<<<<

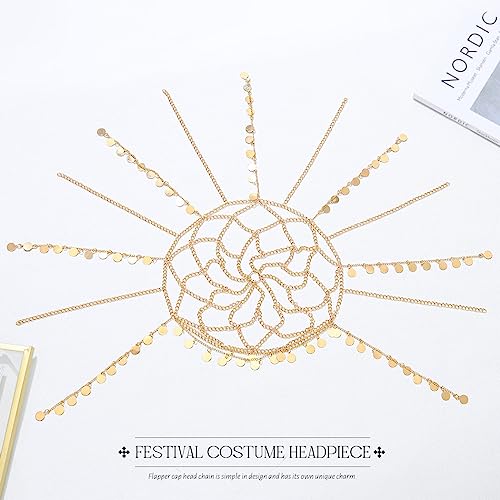 Yean Gold Head Chain Tassel Festival Headpiece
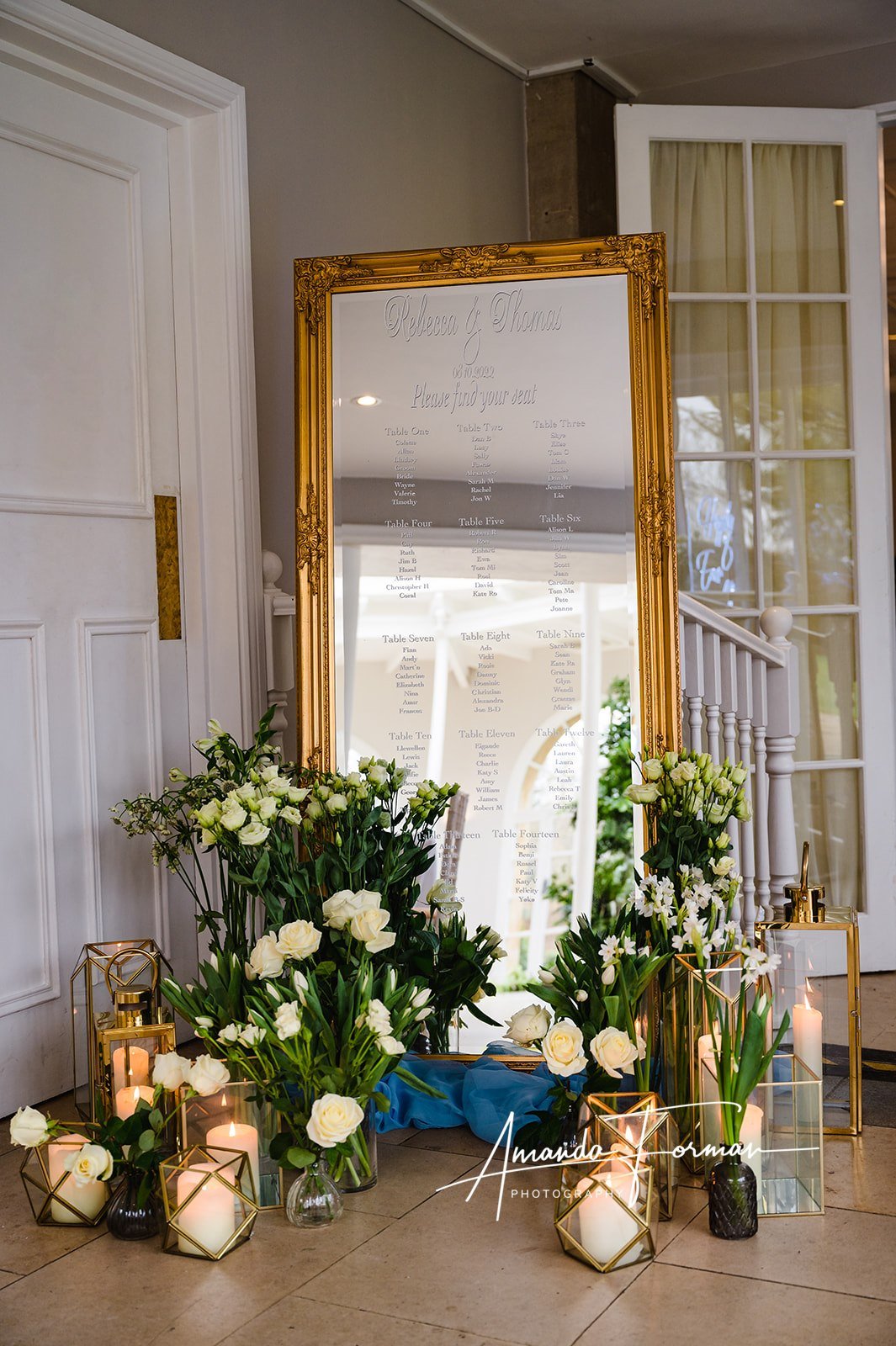 Stapleford Park Wedding Table Plan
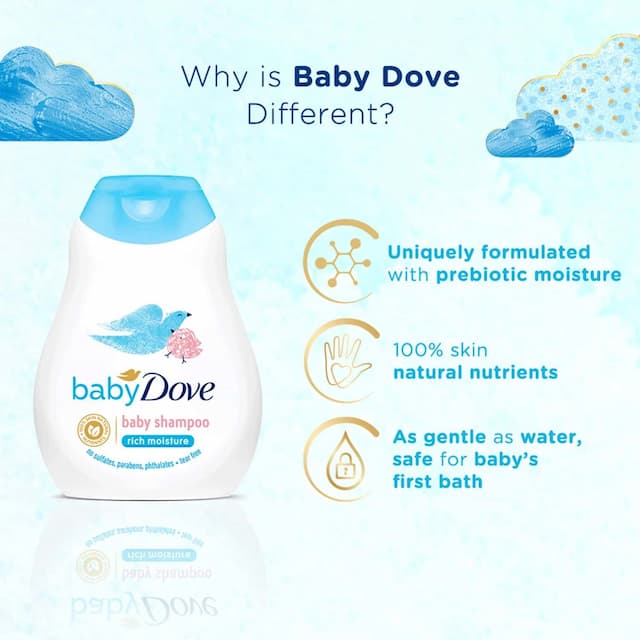 Baby Dove Rich Moisture Shampoo - 400 Ml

>>>>

» Assigned task:
Repeat all the material exactly, but keep pictures out of the copy.

» Exercise result:
 Yean Gold Head Chain Tassel Festival Headpiece
 Stapleford Park Wedding Table Plan
 Baby Dove Rich Moisture Shampoo - 400 Ml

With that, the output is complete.